2008年10月03日 | 通信-政治・経済

 先日のあそうだろう総理の所信表明演説をニュースで見た。所信表明としては特異なものであったとニュースキャスターや評論家は言っていた。自身の考えを述べるのが所信表明だが、民主党に対する問いかけの方が多かったとのことである。
 私はしかし、総理の意思である「日本は強くあらねばならない」が気になった。「ねばならない」が気になる。強くない日本は価値が無いという風に聞こえる。さらに言えば、弱い日本人は価値が無いという風にも聞こえる。「日本は勝たねばばらない!」とまでなると、戦争に向かって突き進んで行った戦前の日本のようで、気持ち悪い。

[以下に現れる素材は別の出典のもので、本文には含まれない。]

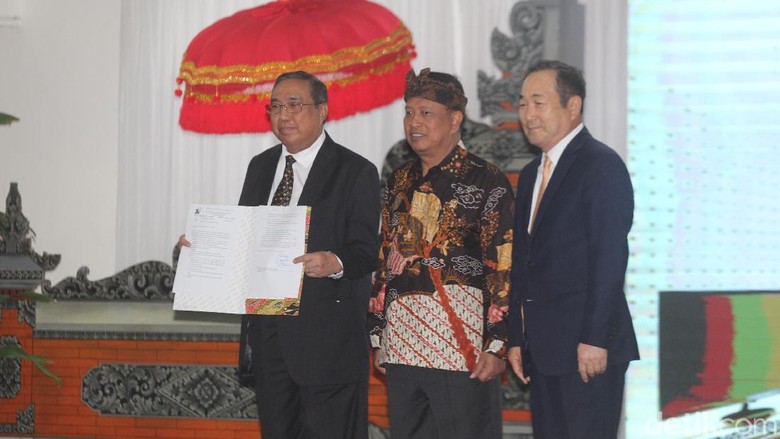 Menteri Riset, Teknologi dan Pendidikan Tinggi (Menristekdikti) Mohamad Nasir perkenalkan rektor asing pimpin perguruan tinggi di Indonesia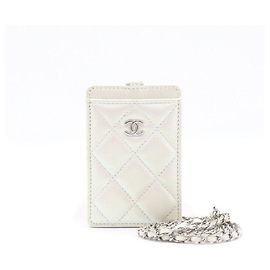 Chanel Tarjetero enrollable Coco Neige Pearl White con cadena de collar Blanco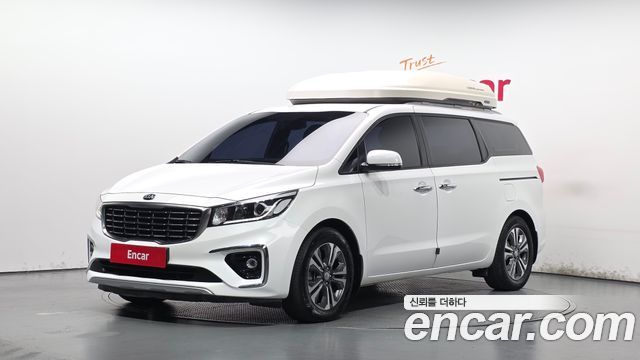 Kia Canival 2019 — photo 1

 麻生内閣の閣僚の一人にバカな大臣がいて、「単一民族国家日本」などという発言をしたらしい。沖縄人が日本人に含まれるかどうかについてはいろいろ意見もあるが、少なくともアイヌ人は日本民族では無い。他にも日本国籍を持つ韓国人、朝鮮人、中国人、台湾人などが多くいて、小笠原には欧米系の日本人もいるらしい。
 アイヌのことについて詳しいことは知らないが、『アイヌ新法』という法律があるということを微かだが、記憶している。確か何年か前にできた法律だ。・・・と、不確かな情報ではいけないので、調べる。広辞苑に記載があった。
 アイヌ新法:アイヌ文化の継承・振興を図り、その伝統についての知識を普及・啓発することを目的として1997年に公布・施行された法律。1899年(明治32)公布の北海道旧土人保護法は廃止。
 とのこと。1997年だから「何年か前」という私の記憶は間違い。11年前だ。それにしても、11年前まで「旧土人」として保護の対象にされていたのかと驚く。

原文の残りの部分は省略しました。